After some lackluster fund-raising, Segal recently injected $1.3 million into his campaign to use on television advertising in the three weeks before the election on June 26. (He’d already spent $74,000 on the race.) Few people in Maryland politics think Segal can win, but an aggressive television presence could force some more scrutiny on Cardin’s foreign-policy views. And with former NAACP chair Ben Jealous running for Maryland governor, potentially galvanizing the state’s most progressive constituencies, Segal could collect some support from an ideological base bent on challenging the status quo.

But another obstacle Segal faces is himself. Known for his irascible nature, the veteran peace activist hasn’t effectively built a coalition of allies or real campaign infrastructure. He’s also gotten into testy, self-destructive exchanges with progressive groups whose support he wants—and with reporters he feels should be covering Cardin more critically. He recently sent a scathing e-mail to a reporter who wrote about Cardin’s J Street speech—with almost 30 other reporters copied—accusing him of not being “a competent professional” and of being “lacking” as a human being.  

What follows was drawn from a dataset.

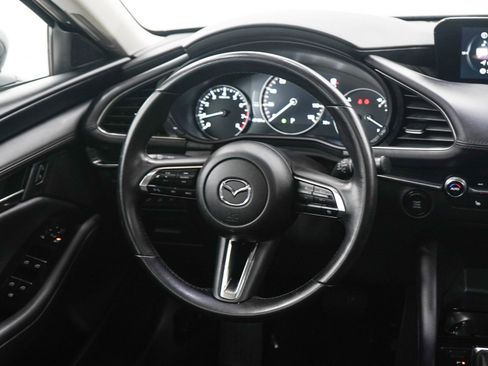 Used 2025 MAZDA MAZDA3 s FWD image 14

Segal was also ejected from the J Street conference after a conflagration with the group’s staff.

Such tactics, Willis warned, diminish the whole point of Segal’s bid. “The issue gets lost in the manner in which he delivers the message,” he said. “And so the underlying message loses its potency.”

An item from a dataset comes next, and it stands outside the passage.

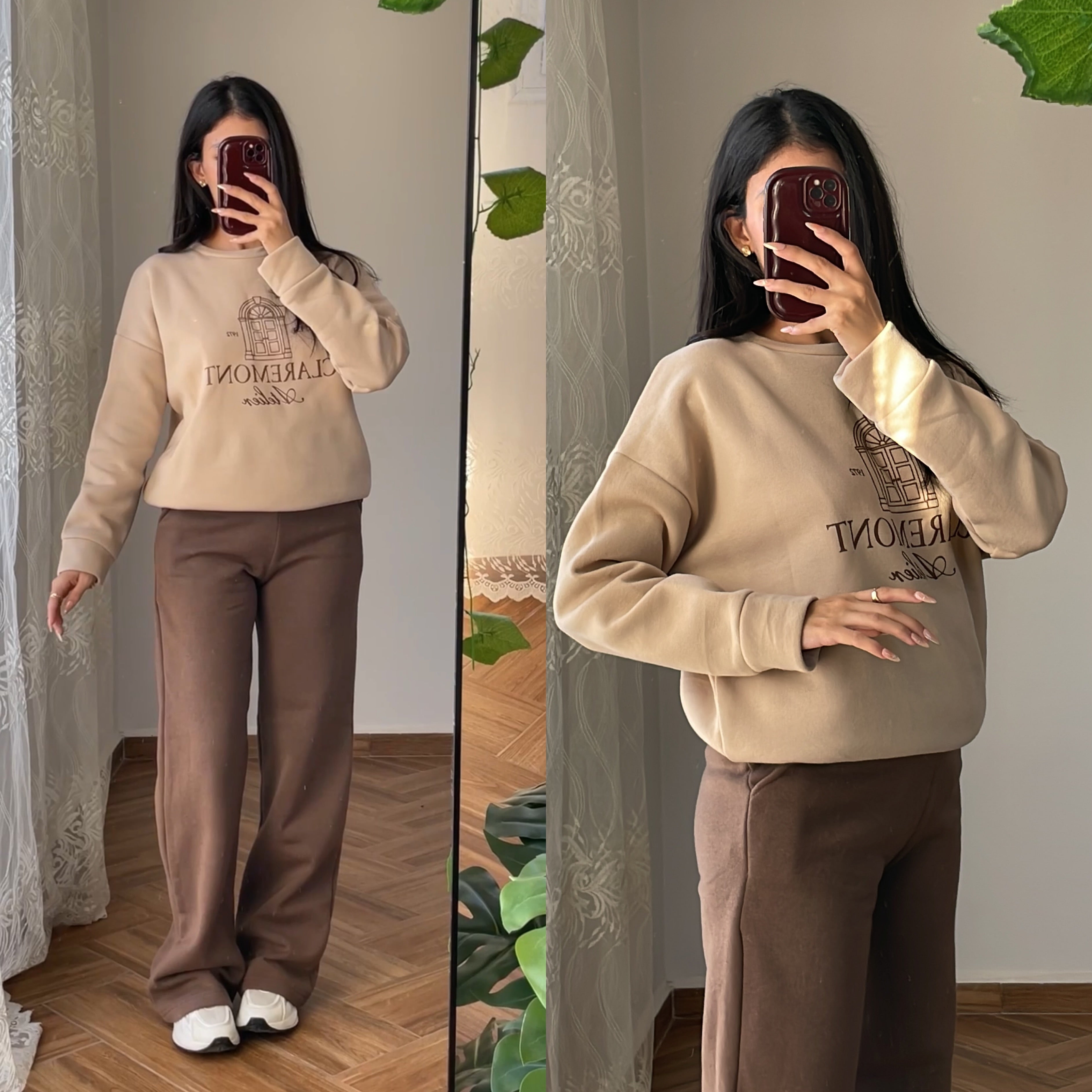 Survêtement CLAREMONT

If Cardin is reelected, which is overwhelmingly likely, he will remain one of the top Democrats on the Senate Foreign Relations Committee—maybe even helping the party wield majority control, if the blue wave crests that high. So the critical question will be: How much has he really moderated his foreign-policy views, if at all? He has offered some signs that aren’t too promising. Tellingly, Cardin’s only mention of settlements in his J Street speech was in reference to the United States’ long-standing position that they are “unhelpful” to the peace process. Notably, he didn’t say that he sees settlements as detrimental to the emergence of a Palestinian state and the long-term survivability of Israel as a Jewish-democratic state.

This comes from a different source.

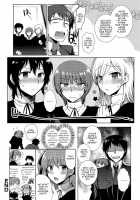Shiritsu Otokonoko Gakuen / 私立男の娘学園 [Kirimoto Yuuji] [Original] Thumbnail Page 40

Cardin will likely remain a key player in US foreign policy toward Israel, and no other country can pressure both sides to make the choices necessary for a painful compromise. While there has never been any domestic drawback to using that leverage on the Palestinians, there has always been a high price to pay for any American leader who decides to exert pressure on Israel. George H.W. Bush felt that discord when he delayed loan guarantees to Israel so that it would roll back its settlement building and enter peace negotiations. He described himself amid that imbroglio as “one lonely little guy” going up against “1,000 lobbyists on the Hill.”

Despite Cardin’s recent overtures, there remains a glaring truth: If that were to happen today, President Bush might be a little less lonely. He’d at least have J Street. But Cardin would probably still be with those 1,000 lobbyists.